Exercise brief ::
Leaving out the images, repeat all the lines below exactly.

━━ Data provided ━━

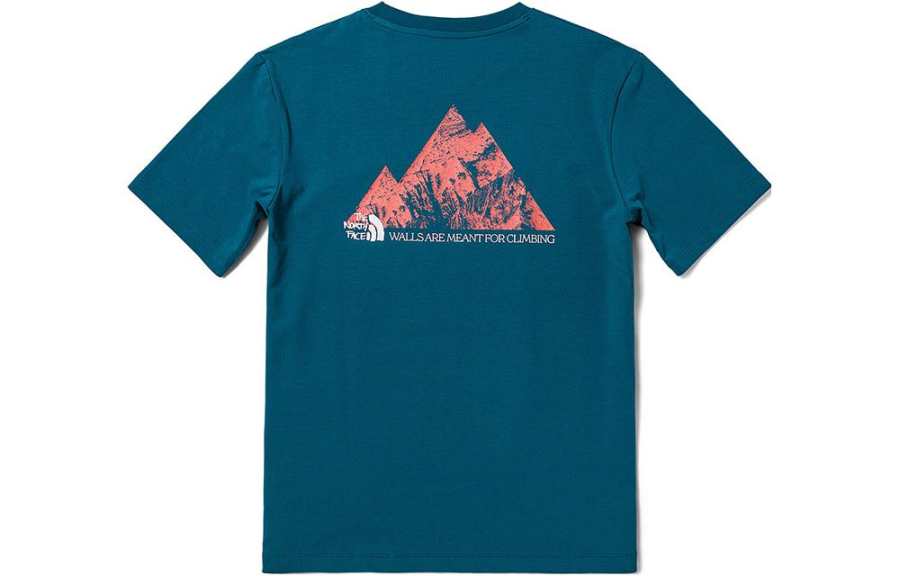 THE NORTH FACE Quick Dry T Shirts Men's Blue Crew Neck Moderate Straight Fit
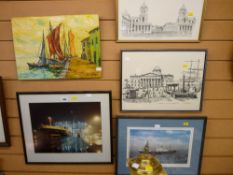 W L ASHTON colourful unframed oil on board - Mediterranean quayside and four various framed prints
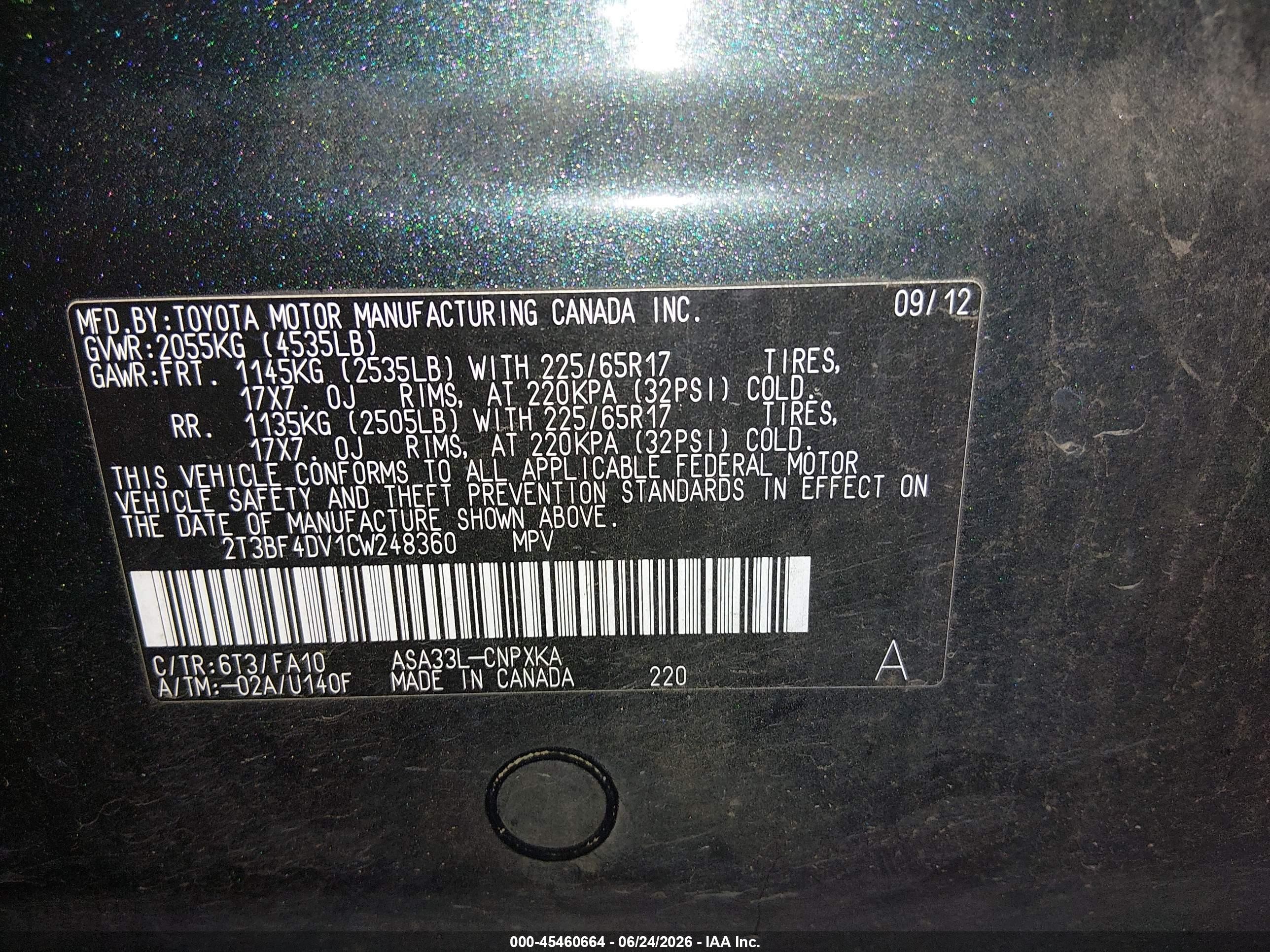 2012 Toyota Rav4   Blue vin: 2T3BF4DV1CW248360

━━━

Output of the exercise ::
 THE NORTH FACE Quick Dry T Shirts Men's Blue Crew Neck Moderate Straight Fit
 W L ASHTON colourful unframed oil on board - Mediterranean quayside and four various framed prints
 2012 Toyota Rav4   Blue vin: 2T3BF4DV1CW248360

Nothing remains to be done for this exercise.